Si arrojamos semillas sobre un terreno, los pájaros, sobre todo los gorriones, se las comen. Si plantamos una col en un prado verde, la hierba la cubre y se muere. Si eliminamos la hierba y cualquier otra planta silvestre y se planta una col en esa tierra desnuda, la mala hierba también vuelve a crecer (a menos que se lo impidamos) y sofoca a la col. ¿Qué hacemos, entonces?
Si se quiere hacer un huerto en un prado hay que empezar por cavar o dar la vuelta, de algún modo, a la tierra. Una de las formas de hacerlo es con cerdos. Si se dejan sueltos unos cuantos por el terreno, ellos se encargan de comer la hierba y dejar el suelo en condiciones para convertirlo en un huerto.
Tradicionalmente hacemos una zanja en el terreno con una pala y hay que trabajar el manto de hierba con intensidad. Si lo único que se hace es voltearlo las malas hierbas vuelven a crecer y no se acabarán los problemas. El mejor sistema consiste en la excavación de zanjas, donde las plantas herbáceas y sus raíces han quedado enterradas bajo una gruesa capa de tierra y no volverán a crecer.
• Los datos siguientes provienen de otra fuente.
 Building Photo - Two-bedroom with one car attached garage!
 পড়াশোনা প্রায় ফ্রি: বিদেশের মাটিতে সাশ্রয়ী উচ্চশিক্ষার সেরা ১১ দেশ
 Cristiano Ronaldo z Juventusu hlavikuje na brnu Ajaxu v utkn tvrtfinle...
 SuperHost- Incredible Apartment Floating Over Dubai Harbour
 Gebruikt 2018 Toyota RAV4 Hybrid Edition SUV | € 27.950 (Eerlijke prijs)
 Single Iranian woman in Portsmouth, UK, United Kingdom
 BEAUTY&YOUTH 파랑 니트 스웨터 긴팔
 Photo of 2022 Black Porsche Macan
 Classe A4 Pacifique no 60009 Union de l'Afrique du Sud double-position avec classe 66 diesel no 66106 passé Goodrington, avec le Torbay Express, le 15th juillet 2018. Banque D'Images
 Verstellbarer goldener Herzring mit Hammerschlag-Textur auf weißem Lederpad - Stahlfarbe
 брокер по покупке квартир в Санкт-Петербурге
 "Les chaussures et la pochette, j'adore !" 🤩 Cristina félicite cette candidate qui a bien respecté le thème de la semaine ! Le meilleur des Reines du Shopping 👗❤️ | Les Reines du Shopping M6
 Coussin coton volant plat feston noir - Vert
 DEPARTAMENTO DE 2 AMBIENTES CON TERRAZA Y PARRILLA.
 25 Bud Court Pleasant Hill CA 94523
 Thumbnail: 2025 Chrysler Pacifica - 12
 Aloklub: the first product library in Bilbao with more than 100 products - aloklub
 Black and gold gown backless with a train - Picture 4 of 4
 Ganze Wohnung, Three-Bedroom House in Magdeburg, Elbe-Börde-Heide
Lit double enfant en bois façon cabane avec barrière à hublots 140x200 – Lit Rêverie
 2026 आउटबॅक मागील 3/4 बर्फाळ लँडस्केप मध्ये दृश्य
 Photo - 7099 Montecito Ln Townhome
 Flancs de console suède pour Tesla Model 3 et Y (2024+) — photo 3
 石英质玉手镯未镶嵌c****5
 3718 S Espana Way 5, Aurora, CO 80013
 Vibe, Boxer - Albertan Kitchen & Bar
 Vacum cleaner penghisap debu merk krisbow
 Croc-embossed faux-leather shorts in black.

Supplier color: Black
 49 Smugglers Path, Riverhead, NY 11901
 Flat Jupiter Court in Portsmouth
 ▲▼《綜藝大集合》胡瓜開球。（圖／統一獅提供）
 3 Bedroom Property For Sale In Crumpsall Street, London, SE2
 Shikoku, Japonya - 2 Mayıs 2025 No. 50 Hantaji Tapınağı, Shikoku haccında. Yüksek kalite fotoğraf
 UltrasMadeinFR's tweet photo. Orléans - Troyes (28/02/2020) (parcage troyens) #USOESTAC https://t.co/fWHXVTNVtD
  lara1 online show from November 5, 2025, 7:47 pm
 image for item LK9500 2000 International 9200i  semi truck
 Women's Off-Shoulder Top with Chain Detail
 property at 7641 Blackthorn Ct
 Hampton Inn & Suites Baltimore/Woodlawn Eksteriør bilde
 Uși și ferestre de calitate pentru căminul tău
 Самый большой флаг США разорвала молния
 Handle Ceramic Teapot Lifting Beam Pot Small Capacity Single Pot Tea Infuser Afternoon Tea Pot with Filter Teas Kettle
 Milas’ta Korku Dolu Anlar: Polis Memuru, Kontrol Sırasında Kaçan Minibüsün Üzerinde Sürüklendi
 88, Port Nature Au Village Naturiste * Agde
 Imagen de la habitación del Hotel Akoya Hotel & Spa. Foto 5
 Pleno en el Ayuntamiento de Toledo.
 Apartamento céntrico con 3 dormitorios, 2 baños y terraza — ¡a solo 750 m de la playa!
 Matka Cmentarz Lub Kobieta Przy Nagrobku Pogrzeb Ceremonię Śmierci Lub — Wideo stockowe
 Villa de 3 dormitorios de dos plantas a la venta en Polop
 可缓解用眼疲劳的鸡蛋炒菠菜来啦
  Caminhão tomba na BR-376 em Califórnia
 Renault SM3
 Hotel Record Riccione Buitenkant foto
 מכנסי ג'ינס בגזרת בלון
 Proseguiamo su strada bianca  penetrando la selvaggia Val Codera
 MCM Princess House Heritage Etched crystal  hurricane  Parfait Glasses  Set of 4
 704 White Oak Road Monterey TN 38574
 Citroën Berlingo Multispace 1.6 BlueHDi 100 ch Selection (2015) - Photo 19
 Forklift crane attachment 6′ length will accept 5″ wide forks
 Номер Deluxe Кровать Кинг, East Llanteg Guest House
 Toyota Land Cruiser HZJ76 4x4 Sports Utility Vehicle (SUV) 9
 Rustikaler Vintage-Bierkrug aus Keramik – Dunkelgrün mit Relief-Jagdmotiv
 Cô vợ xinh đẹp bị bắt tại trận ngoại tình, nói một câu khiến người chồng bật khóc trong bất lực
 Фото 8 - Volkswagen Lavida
La capa de tierra quedará dispuesta para sembrar en ella cualquier planta productiva. El césped arrancado se puede amontonar en una pila, con el tiempo se pudrirá y será la base para un estupendo compost. Si el huerto no se trata de un prado, en lugar de hierba se echa estiércol o compost de las granjas, y las lombrices de tierra se encargan de de enterrar el compost, perforar y airear el terreno.